Let's say you are building a temperature analytics system. You are working on both the hardware and software parts of it. As for the IoT devices to measure temperature, you decide to have one with a thermistor and one with a thermocouple. Rationale being, if one technology fails, the other one will carry you forward. This is called the 1-out-of-2 principle, or Diverse Redundancy in this case. Quite intuitive, in fact, the gold standard in hardware systems.
But then, you decide to follow the same principle in your software. You commission two different teams to build completely separate implementations of the critical component: the algorithm that detects anomalous temperature spikes and filters out sensor noise. Both teams will implement this independently with different tech stacks and different logic, but both implementations must produce the same results.
Pause for some time and think about whether this is a good idea...
The Nature of Failure
The software safety standards actually advise against it, and the main reason is the nature of the failure.
Hardware usually breaks because of physics. A fan gets dusty, a capacitor leaks, a battery loses capacity, or moving parts wear out. If there is one electronic sensor and one mechanical switch, they are unlikely to share the same physical "blind spot." Thus, a hardware failure is almost an independent event.
Software doesn't break because of physics; it breaks because of math and misunderstanding. The Knight-Leveson study found that even when different teams write software independently, they tend to make the same logical errors in the same difficult parts of the requirements. If the specification says, "Handle the edge case of a 0.001ms delay," and that requirement is hard to implement, both teams will likely introduce a bug at that exact point. Diversity doesn't protect you from a flawed blueprint.
This means your two "redundant" software systems will likely fail in the exact same scenarios, giving you no real redundancy at all; just twice the code with the same vulnerabilities.
The Maintenance Burden
But even if you could somehow guarantee true independence between your two implementations, you'd face an even harder problem: maintenance. You now have twice as much code to maintain, verify, and document. I assume you'd already thought about this when I asked you to pause earlier. But what makes software maintenance such a pain in the ass?
Software Maintenance Isn't Really "Maintenance"
In software, "maintenance" is a misnomer if you are from a hardware background. You aren't usually fixing something that wore out. You're fixing something that was never actually right to begin with, or you're changing it because the world around it moved. When you change one line of code in a large system, you are potentially changing the meaning of every other line that touches it. Now multiply this work by two. Every bug needs to be understood, fixed, and verified in both implementations. Every edge case needs to be handled twice. Every security patch needs to be applied to two different codebases with two different architectures.

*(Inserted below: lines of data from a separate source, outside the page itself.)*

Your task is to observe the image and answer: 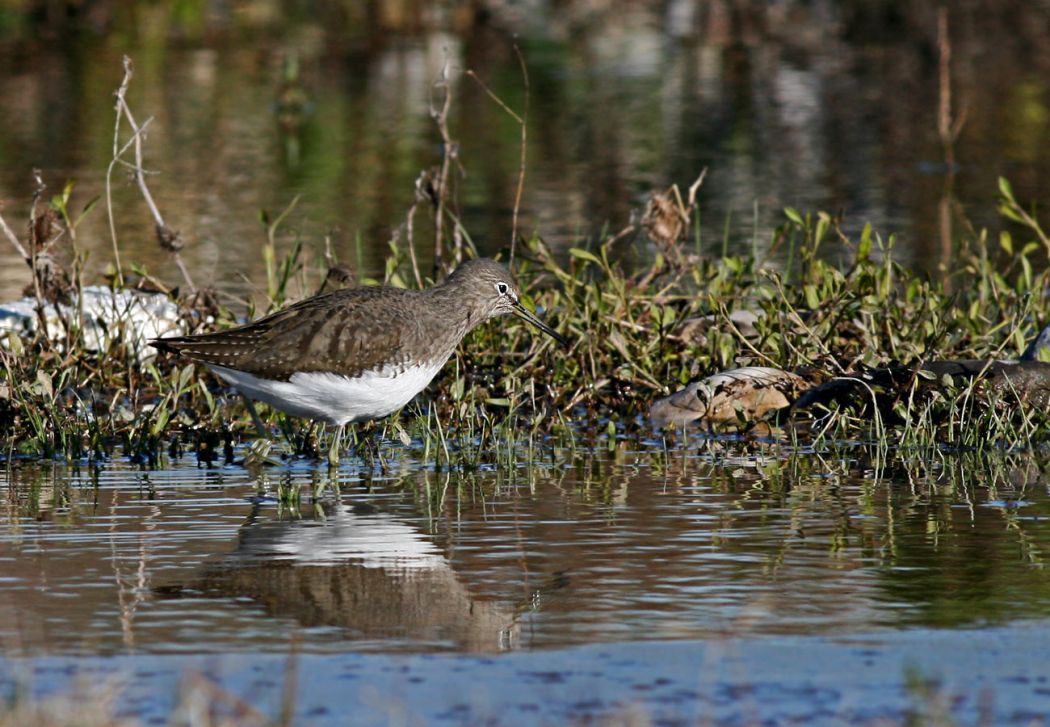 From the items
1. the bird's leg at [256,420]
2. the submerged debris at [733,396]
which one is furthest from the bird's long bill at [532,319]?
the bird's leg at [256,420]

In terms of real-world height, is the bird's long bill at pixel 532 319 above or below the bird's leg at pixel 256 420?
above

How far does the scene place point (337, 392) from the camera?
8906 mm

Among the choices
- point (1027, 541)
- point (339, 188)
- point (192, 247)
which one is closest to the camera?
point (1027, 541)

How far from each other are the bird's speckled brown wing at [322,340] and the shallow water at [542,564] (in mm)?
577

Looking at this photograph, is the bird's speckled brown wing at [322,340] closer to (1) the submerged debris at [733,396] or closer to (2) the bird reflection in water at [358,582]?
(2) the bird reflection in water at [358,582]

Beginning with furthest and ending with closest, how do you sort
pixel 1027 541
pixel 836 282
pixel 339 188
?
pixel 339 188
pixel 836 282
pixel 1027 541

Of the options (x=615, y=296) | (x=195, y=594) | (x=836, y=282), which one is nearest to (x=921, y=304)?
(x=836, y=282)

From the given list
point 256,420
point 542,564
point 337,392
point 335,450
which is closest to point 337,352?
point 337,392

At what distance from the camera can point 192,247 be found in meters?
15.6

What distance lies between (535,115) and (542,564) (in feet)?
59.8

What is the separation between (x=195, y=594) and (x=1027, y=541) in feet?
11.4

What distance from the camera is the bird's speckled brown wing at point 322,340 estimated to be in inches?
355

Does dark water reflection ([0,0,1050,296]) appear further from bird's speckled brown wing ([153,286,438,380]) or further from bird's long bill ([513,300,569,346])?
bird's speckled brown wing ([153,286,438,380])

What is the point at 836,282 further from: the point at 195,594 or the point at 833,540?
the point at 195,594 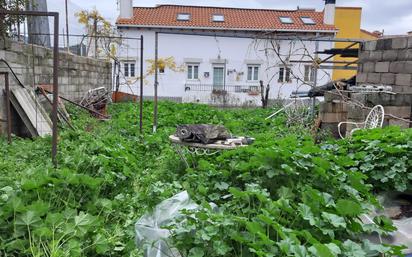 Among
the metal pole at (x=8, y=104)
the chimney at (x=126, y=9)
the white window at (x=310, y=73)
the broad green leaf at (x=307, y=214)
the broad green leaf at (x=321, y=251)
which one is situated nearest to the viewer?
the broad green leaf at (x=321, y=251)

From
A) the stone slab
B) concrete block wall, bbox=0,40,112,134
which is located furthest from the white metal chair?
concrete block wall, bbox=0,40,112,134

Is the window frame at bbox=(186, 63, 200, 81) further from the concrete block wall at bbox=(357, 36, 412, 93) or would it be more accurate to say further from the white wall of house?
the concrete block wall at bbox=(357, 36, 412, 93)

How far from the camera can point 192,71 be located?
758 inches

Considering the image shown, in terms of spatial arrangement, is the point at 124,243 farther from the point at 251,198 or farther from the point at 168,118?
the point at 168,118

Software Never Reaches Steady State
Hardware eventually reaches a "steady state." Once a server is racked and cooled, it stays the same for years. Software, however, sits in a soup of changing dependencies. Your uv environment might be locked, but the OS, the APIs it calls, and the security exploits discovered yesterday are all shifting. To keep software "the same," you have to change it constantly. With two redundant implementations, you're not just maintaining two codebases—you're maintaining two different dependency trees, two different test suites, two different sets of assumptions about the world. The maintenance burden doesn't just double; it compounds.
In the hardware world, you're a mechanic. In the software world, you're a historian and a detective trying to figure out what a version of yourself from three years ago was thinking. Hardware redundancy works because failures are independent. Software can't achieve that independence, and trying only doubles the maintenance burden.